By Isla Binnie and Niket Nishant
(Reuters) -Carlyle Group reported a better-than-expected profit in the second quarter on Wednesday, helped by a pickup in fees as it grew its assets under management.
The investment firm has been trying to advance its turnaround under CEO Harvey Schwartz, who has steered Carlyle deeper into high-growth segments such as private markets and international operations.
Last week, Carlyle named three of its longtime insiders as co-presidents, a new role and a step some analysts said could help reinforce investors’ confidence in the company.
Distributable earnings, or profit that can be returned to shareholders, jumped 25.6% to $431 million, or 91 cents per share.
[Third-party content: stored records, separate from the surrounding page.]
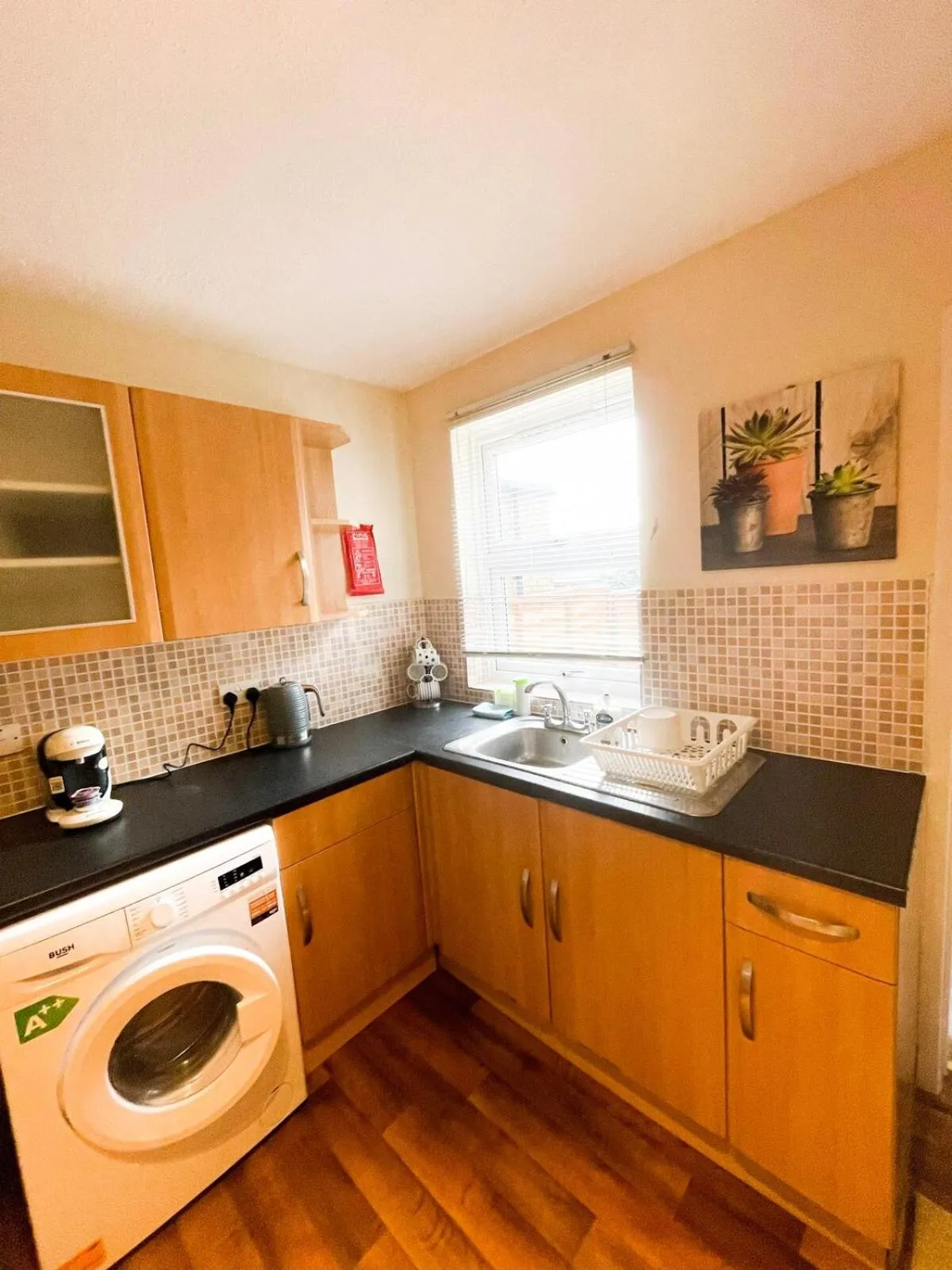 Kitchen/Kitchenette in Borden Terrace by Kasay Stays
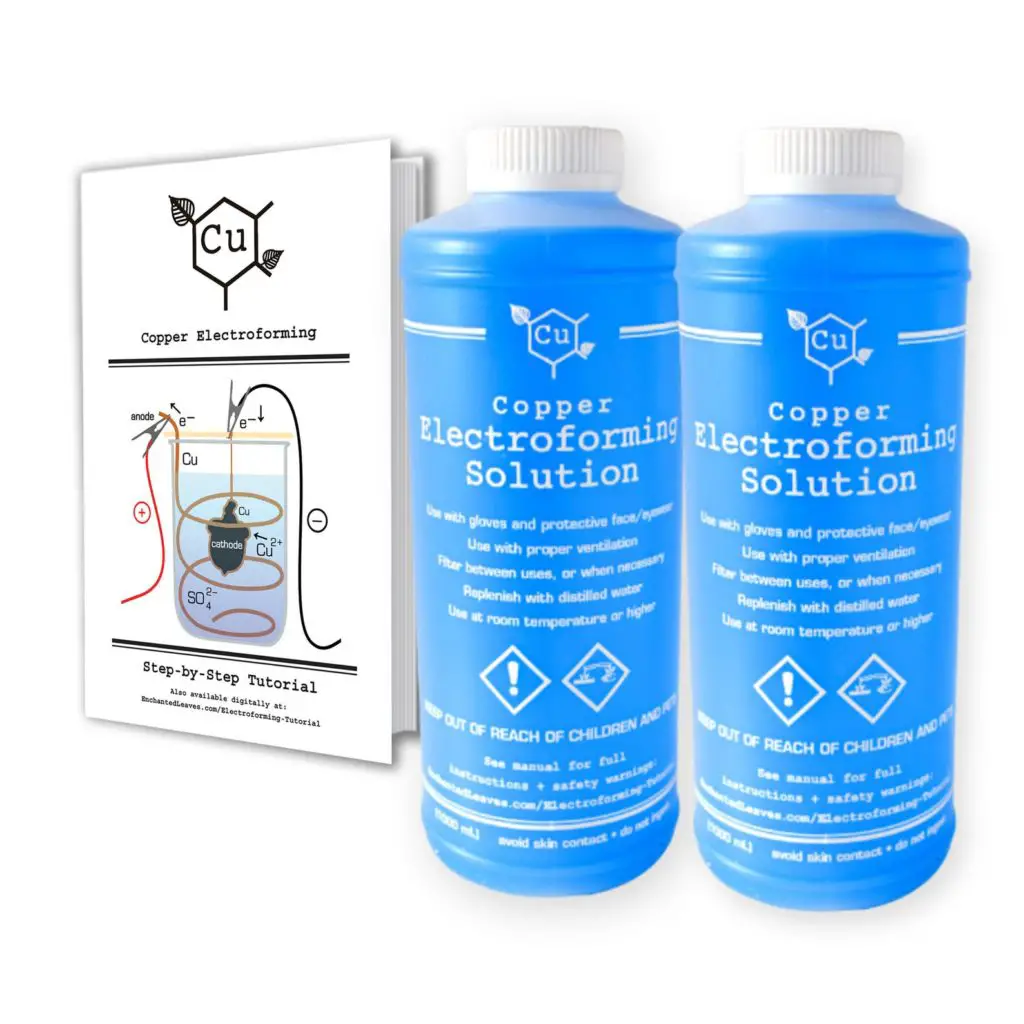 EnchantedLeaves | Copper Electroforming Solution | Set of TWO 1 Liter Bottles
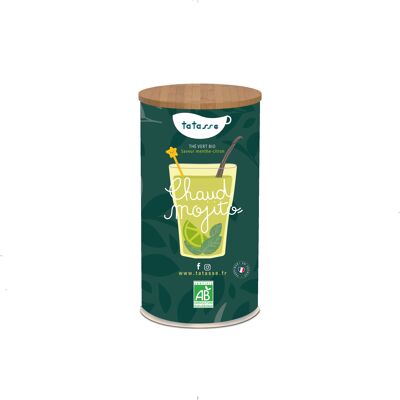 Chaud Mojito - Thé vert bio saveur menthe-citron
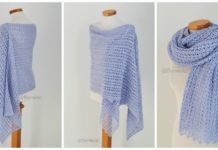 Naylene Shawl Crochet Free Pattern - Women Shawl #Wrap; Free #Crochet; Patterns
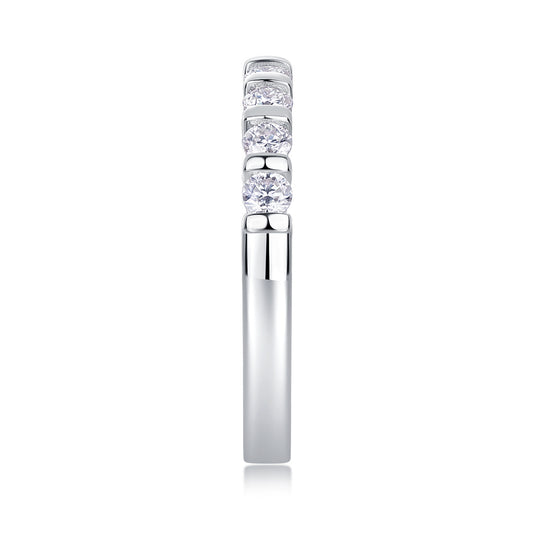 Moissanite diamond silver ring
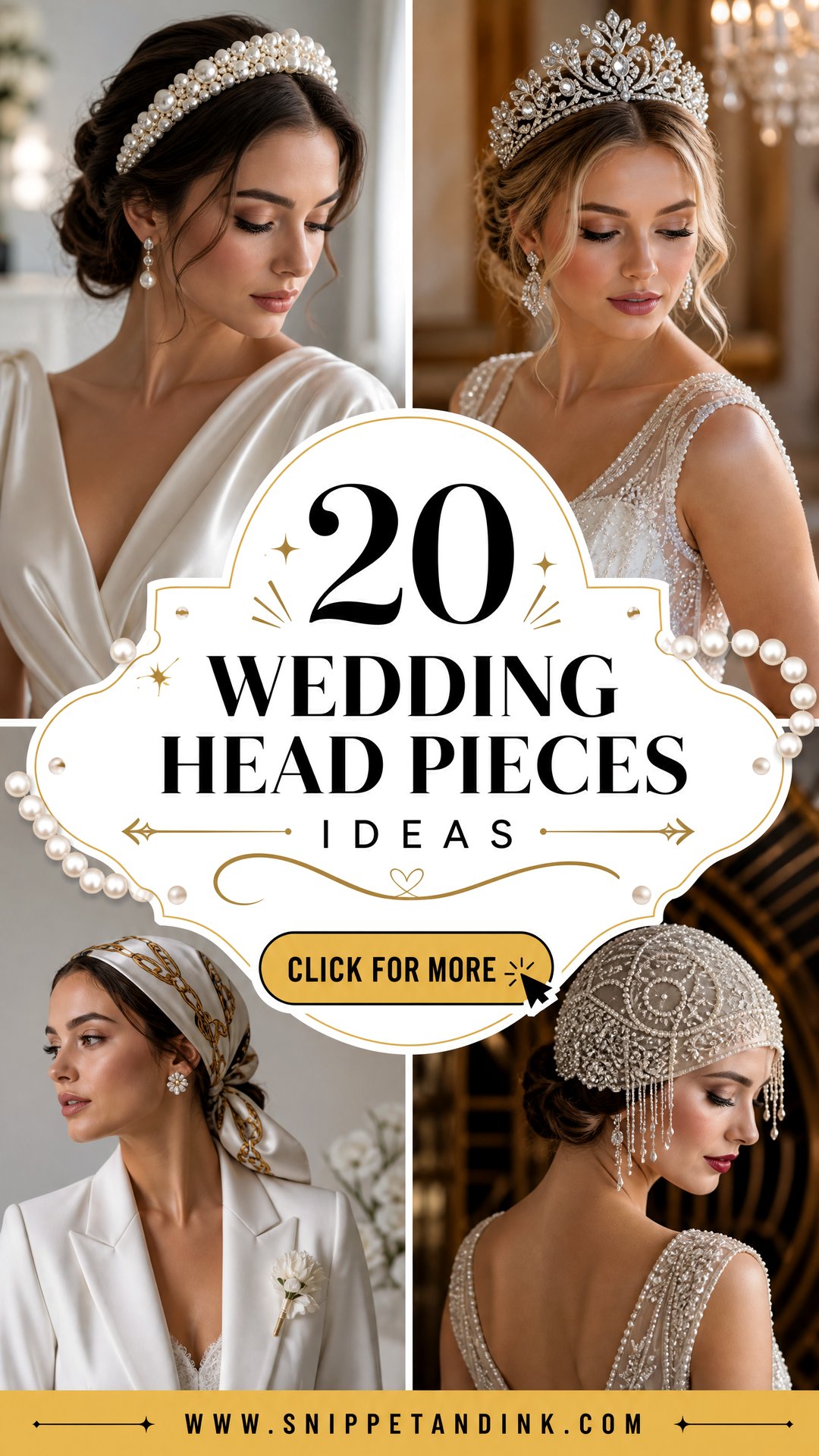 20 Wedding Head Pieces Ideas for a Stunning Bridal Look - 20 Wedding Head Pieces Ideas for a Stunning Bridal Look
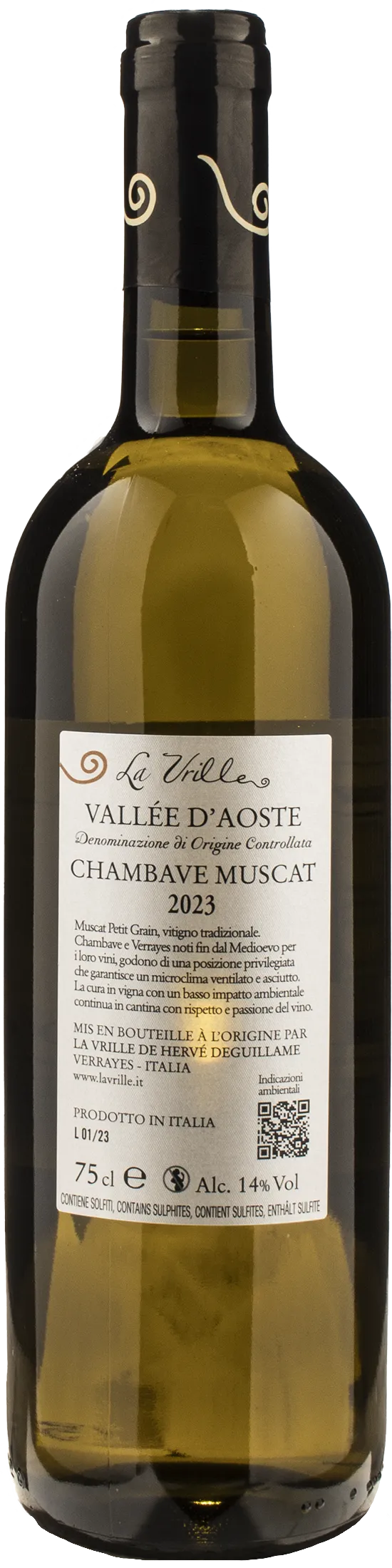 La Vrille Val d’Aosta Chambave Muscat 2023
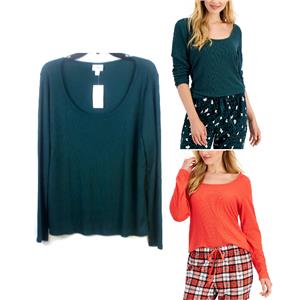 Jenni Womens Waffle Knit long Sleeve Pajama Top Choose Size & Color New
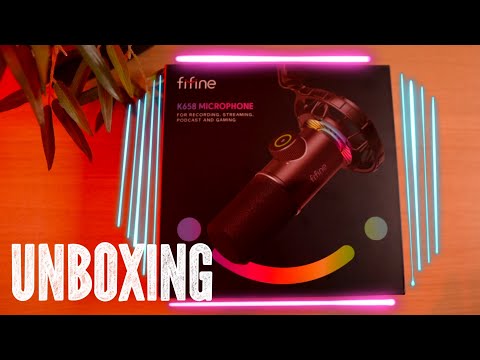 Fifine K658 Dynamic USB Microphone Unboxing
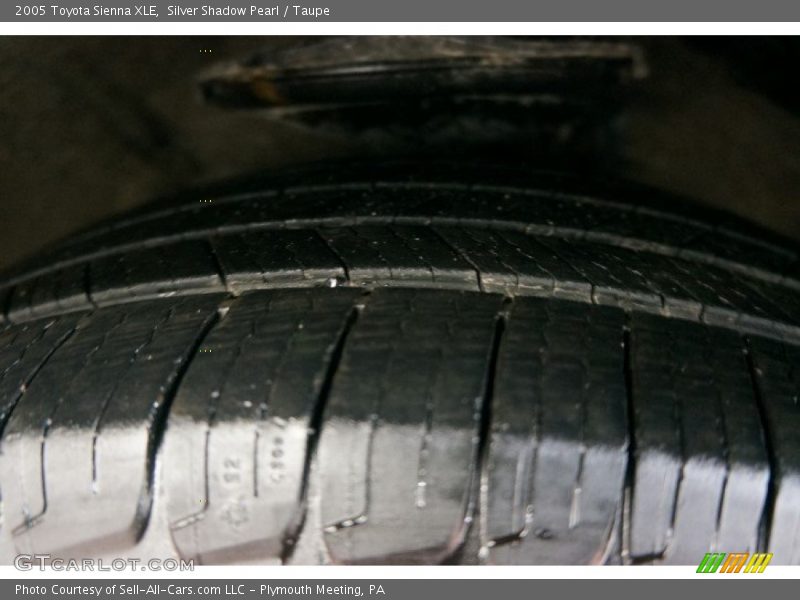 Silver Shadow Pearl / Taupe 2005 Toyota Sienna XLE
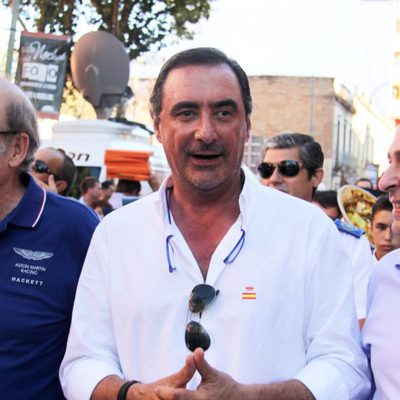 Carlos Herrera en la corrida de toros de José Tomás en Huelva
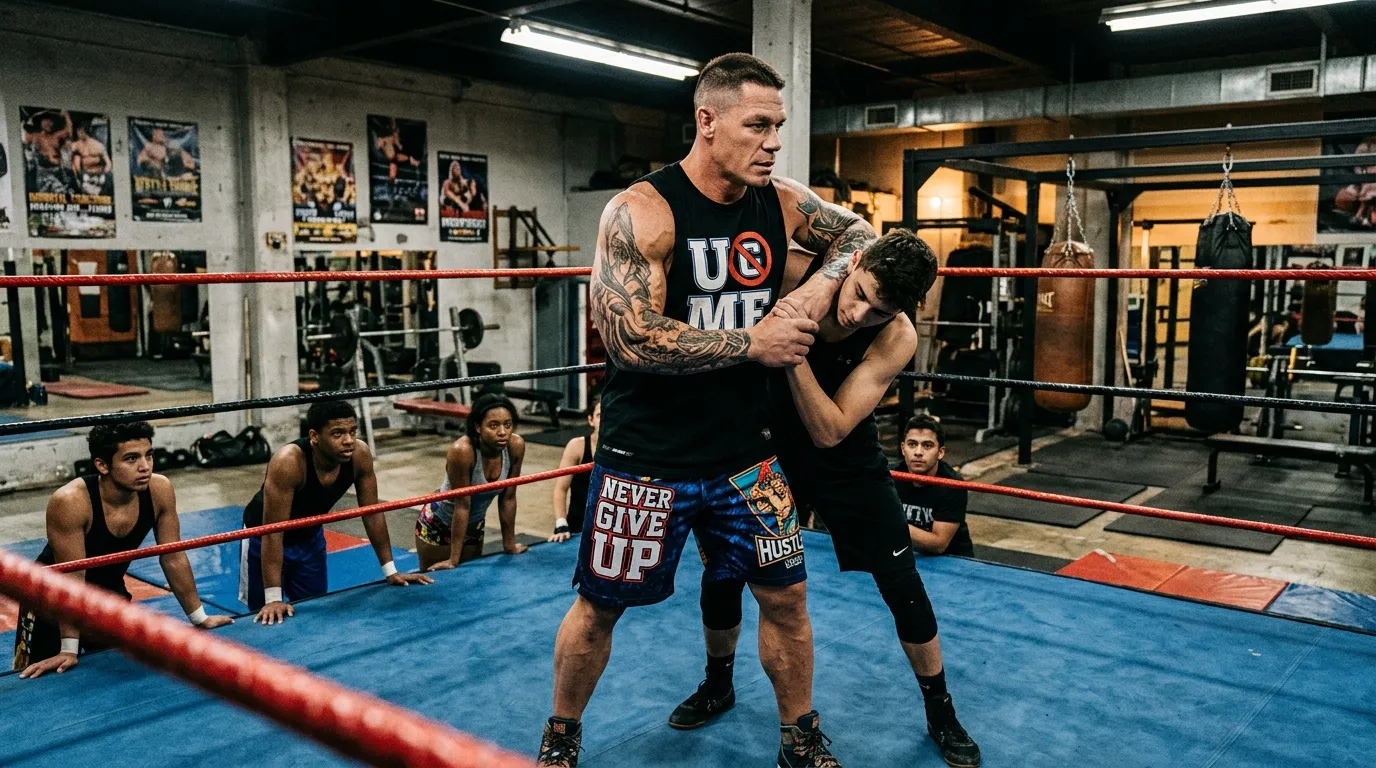 John Cena à la Black & Brave Wrestling Academy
That compares with 89 cents that analysts had expected, according to estimates compiled by LSEG.
Fee-related earnings grew 18.4% to $323.3 million in the quarter.
Fund management fees rose 16% and transaction and portfolio advisory fees, which Carlyle earns from arranging capital market deals for its portfolio companies and other clients, jumped 66%.
Assets under management at the Washington, D.C.-based company rose 7% to $465 billion, thanks to growth in AlpInvest, Carlyle’s unit for second-hand private equity funds.
The secondary market has given pension funds and other private equity investors a way to sell stakes in companies at a time when elevated interest rates, sweeping U.S. tariffs and geopolitical uncertainty have hampered dealmaking.
Still, market activity was accelerating, Schwartz said.
The company generated $13.4 billion of fresh capital. It deployed $14.6 billion and had $89 billion available for investment at the end of the quarter.
So far this year, Carlyle’s shares have jumped nearly 19% compared with an 8.3% growth in the Nasdaq composite index.